Material for the task ::
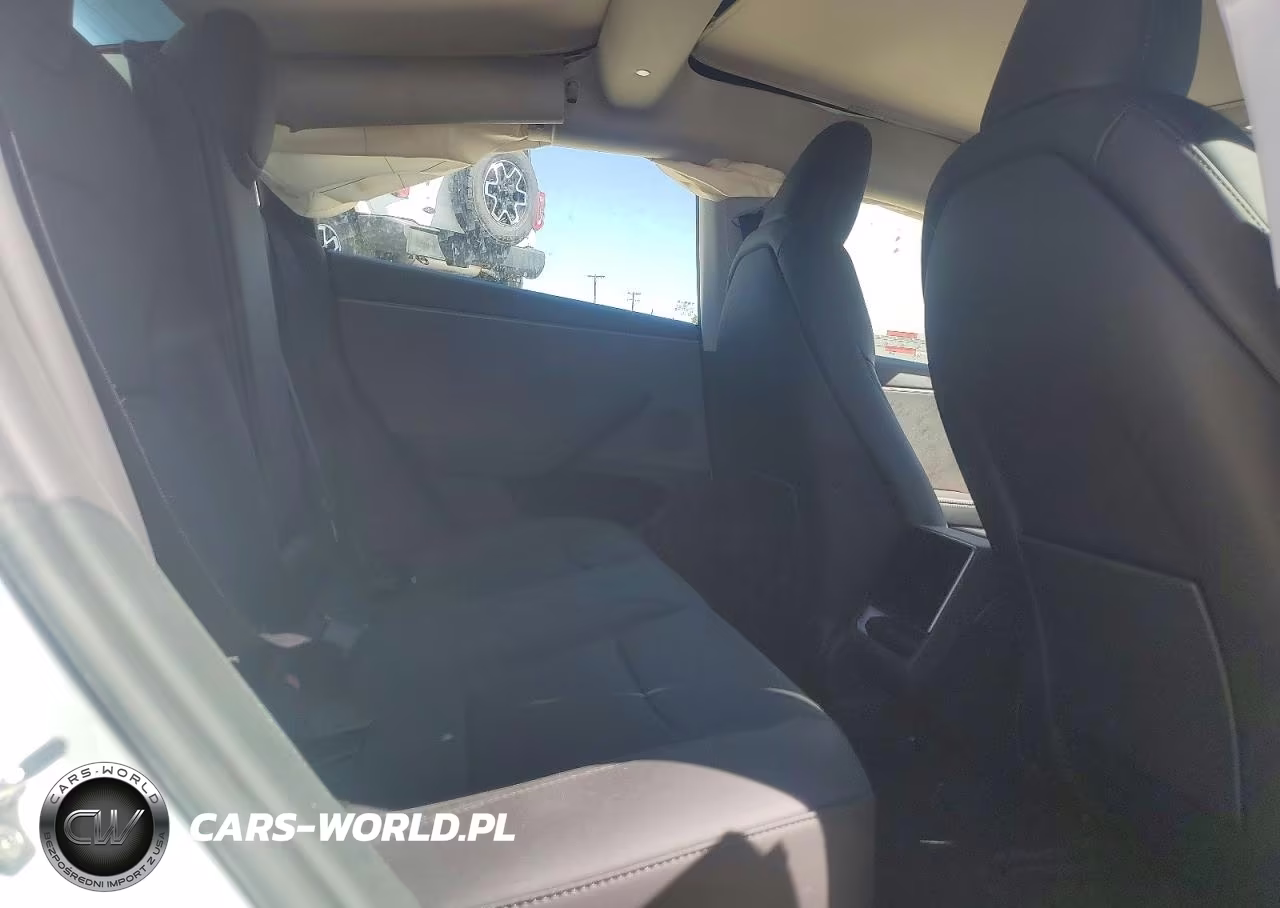 2026 Tesla Model 3 VIN:5YJ3E1EA2TF131216 - 10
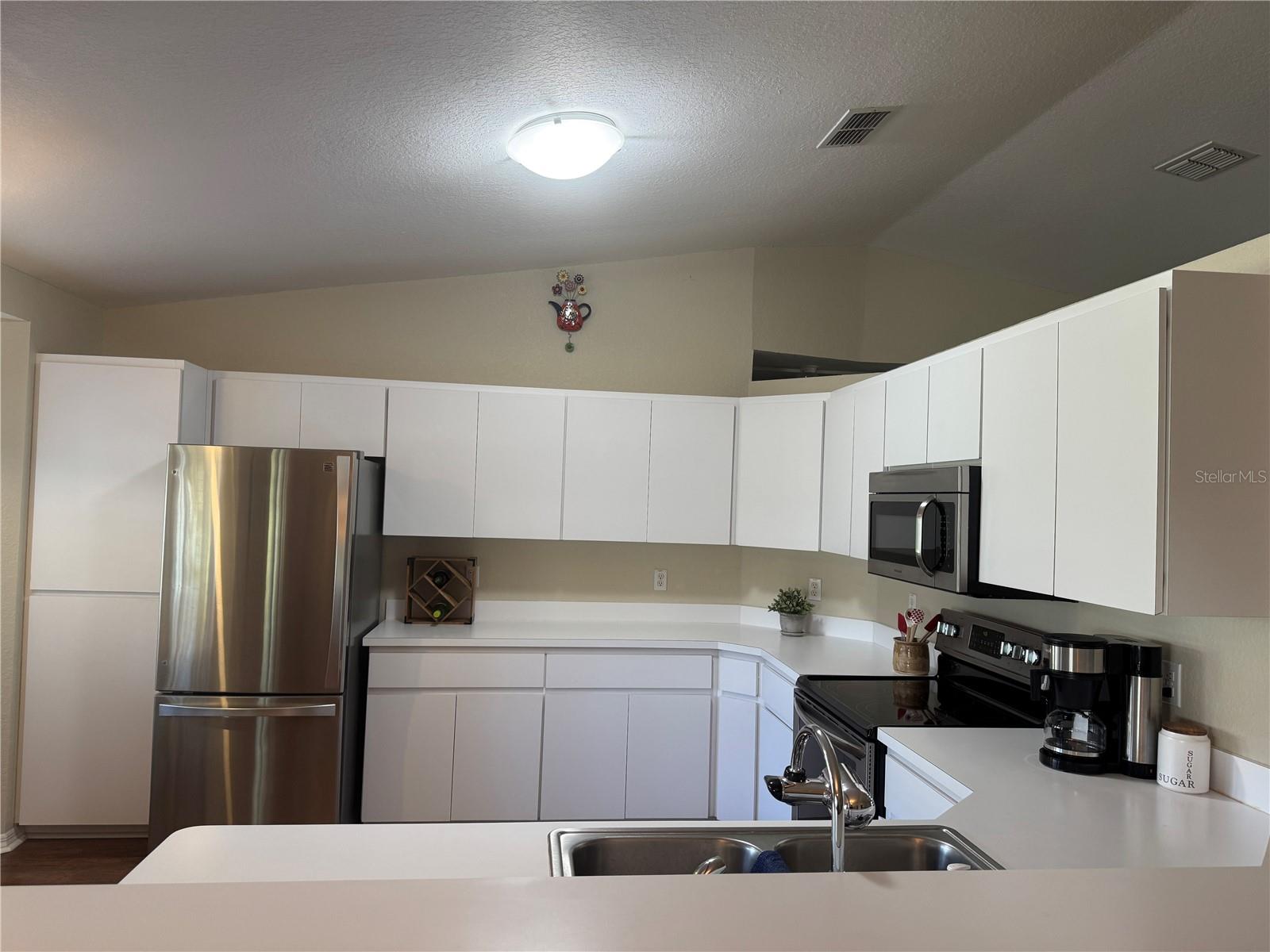 6071 SW 105TH PLACE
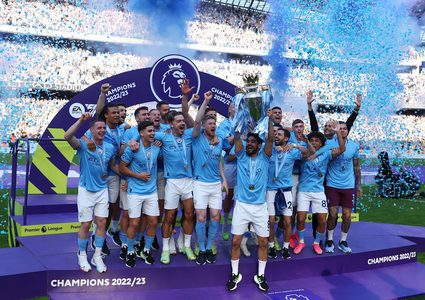 سيتي يحتفل بلقب الدوري الإنجليزي بالفوز بهدف على تشيلسي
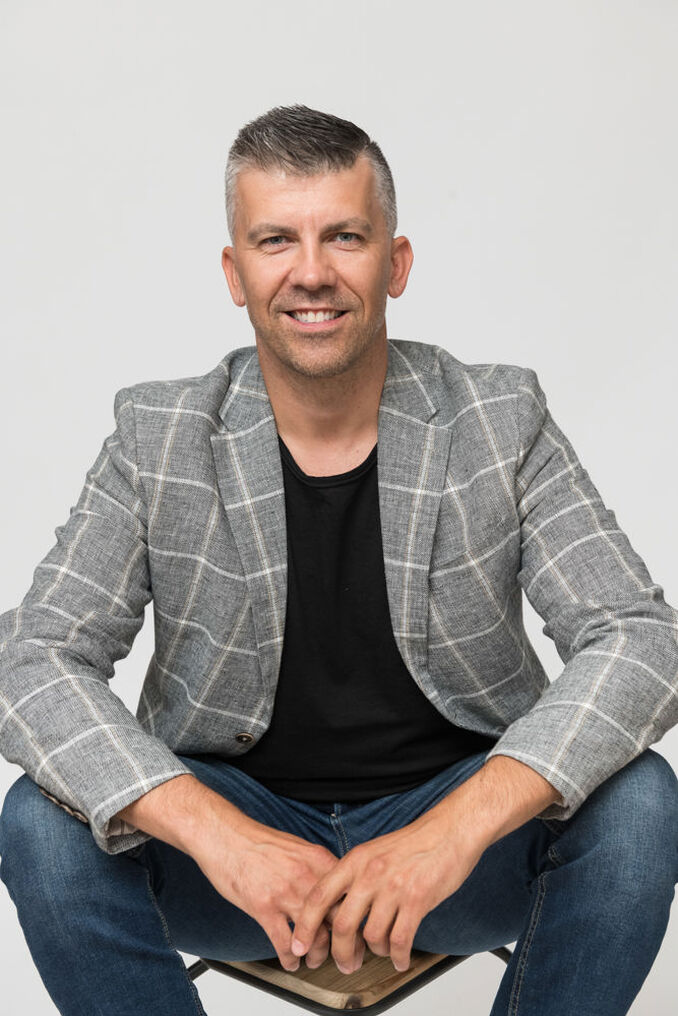 Tomas S.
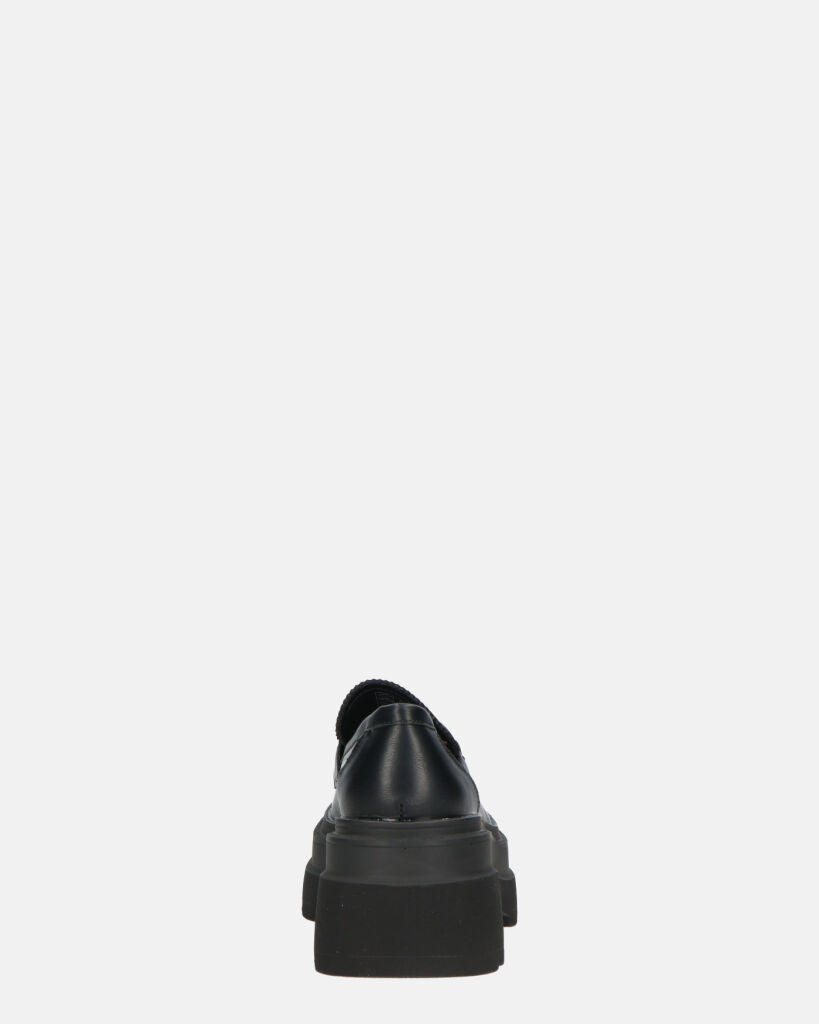 BESSIE - scarpe nere platform con decorazione
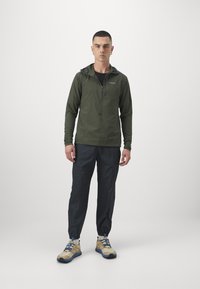 Patagonia AIRSHED PRO - Vetrovka - pine needle green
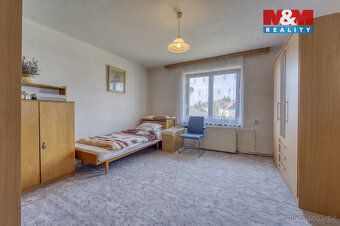Nabízíme k prodeji prostorný rodinný dům o dispozici 7+1 a u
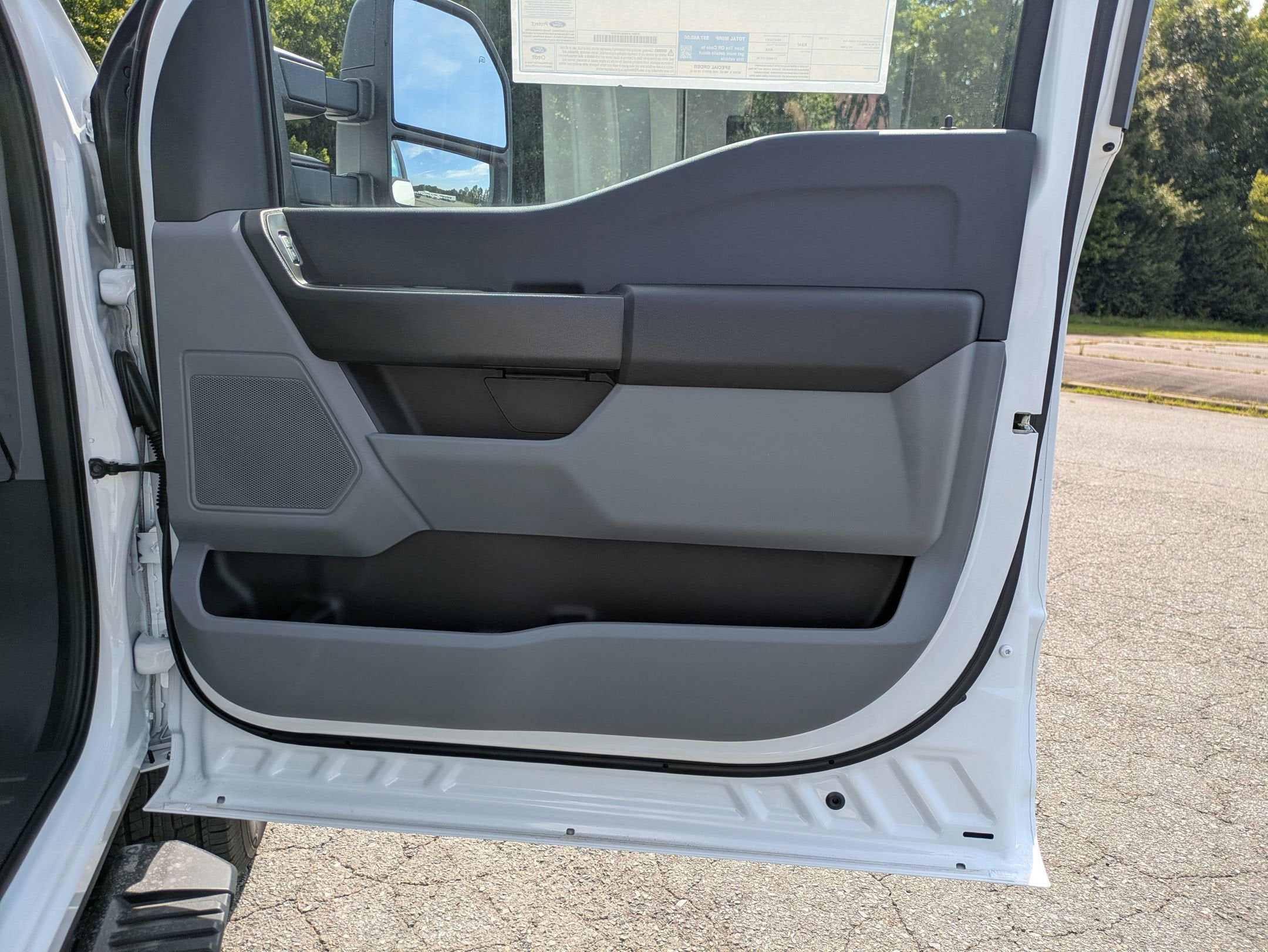 2025 Ford Super Duty F-350 SRW XL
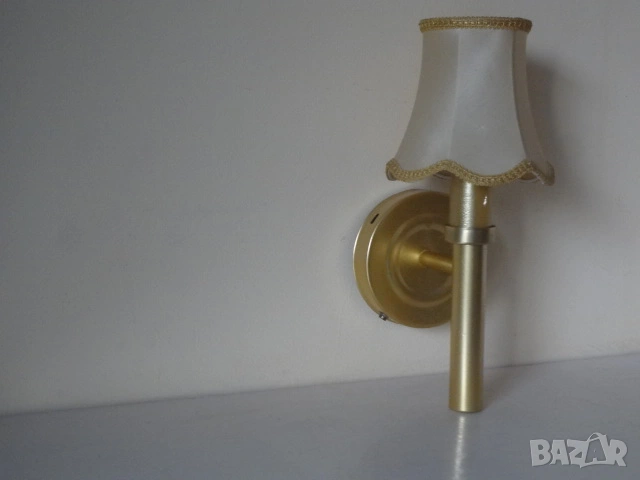 Аплик за стена, снимка 6 - Лампи за стена - 53078648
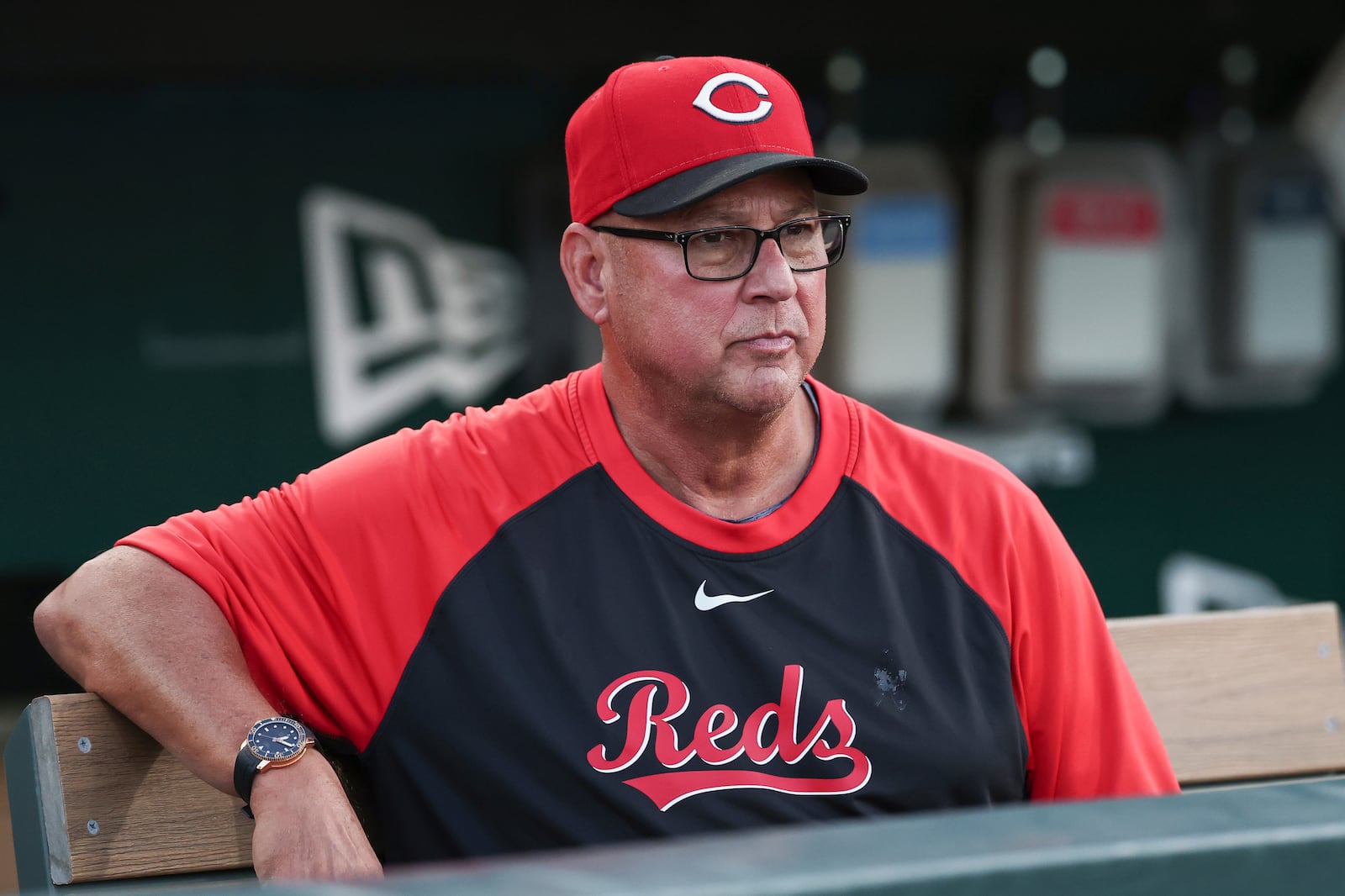 Cincinnati Reds manager Terry Francona looks to the field before a baseball game against the Athletics Friday, Sept. 12, 2025, in West Sacramento, Calif. (AP Photo/Sara Nevis)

What the exercise asks ::
Write back the stretch of lines above that begins with the line holding "6071 SW 105TH PLACE" and ends with the line holding "Аплик за стена, снимка", both included, exactly as written. Pictures stay out.

Answer ::
 6071 SW 105TH PLACE
 سيتي يحتفل بلقب الدوري الإنجليزي بالفوز بهدف على تشيلسي
 Tomas S.
 BESSIE - scarpe nere platform con decorazione
 Patagonia AIRSHED PRO - Vetrovka - pine needle green
Nabízíme k prodeji prostorný rodinný dům o dispozici 7+1 a u
 2025 Ford Super Duty F-350 SRW XL
 Аплик за стена, снимка 6 - Лампи за стена - 53078648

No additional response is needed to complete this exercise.